→ **THE DATA**:
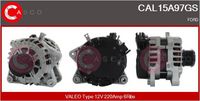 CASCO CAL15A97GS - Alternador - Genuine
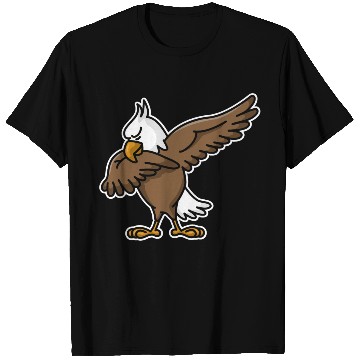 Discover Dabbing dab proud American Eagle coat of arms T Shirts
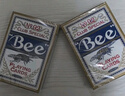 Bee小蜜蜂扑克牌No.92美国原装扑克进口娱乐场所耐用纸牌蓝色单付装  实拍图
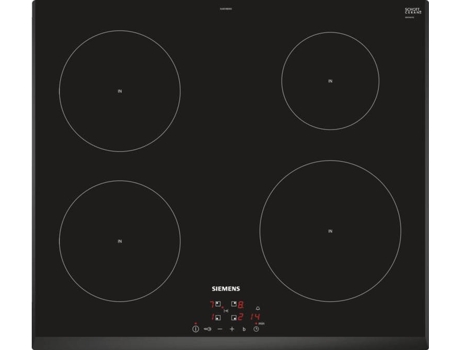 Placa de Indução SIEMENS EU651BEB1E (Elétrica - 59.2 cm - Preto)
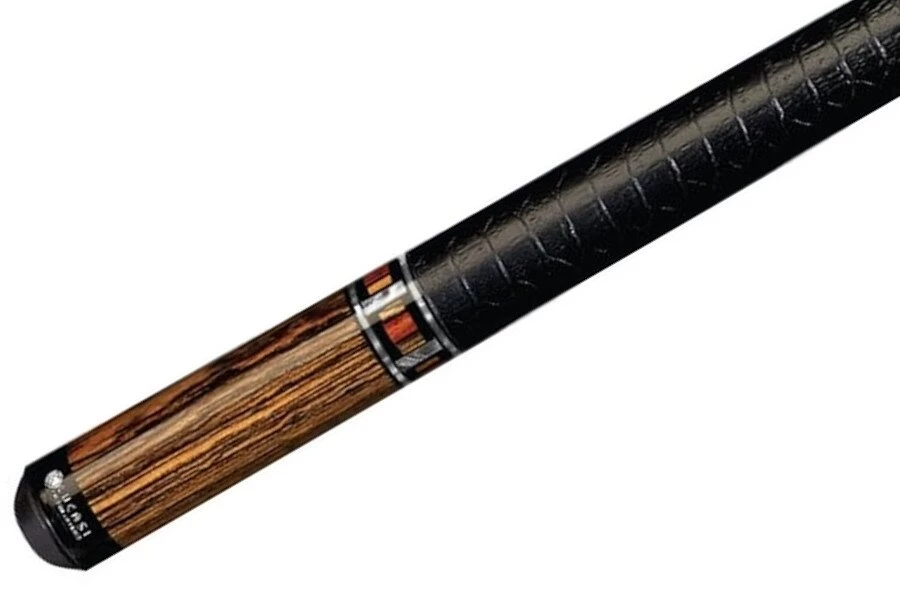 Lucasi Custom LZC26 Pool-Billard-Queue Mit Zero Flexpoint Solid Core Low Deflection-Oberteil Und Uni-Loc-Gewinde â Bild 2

→ **INSTRUCTIONS FOR THE TASK**:
Lines from the one holding "Discover Dabbing dab" down to the last line of the entries above must be retyped exactly, inclusive of both, with no pictures and nothing else.

→ **SOLUTION**:
 Discover Dabbing dab proud American Eagle coat of arms T Shirts
 Bee小蜜蜂扑克牌No.92美国原装扑克进口娱乐场所耐用纸牌蓝色单付装  实拍图
 Placa de Indução SIEMENS EU651BEB1E (Elétrica - 59.2 cm - Preto)
 Lucasi Custom LZC26 Pool-Billard-Queue Mit Zero Flexpoint Solid Core Low Deflection-Oberteil Und Uni-Loc-Gewinde â Bild 2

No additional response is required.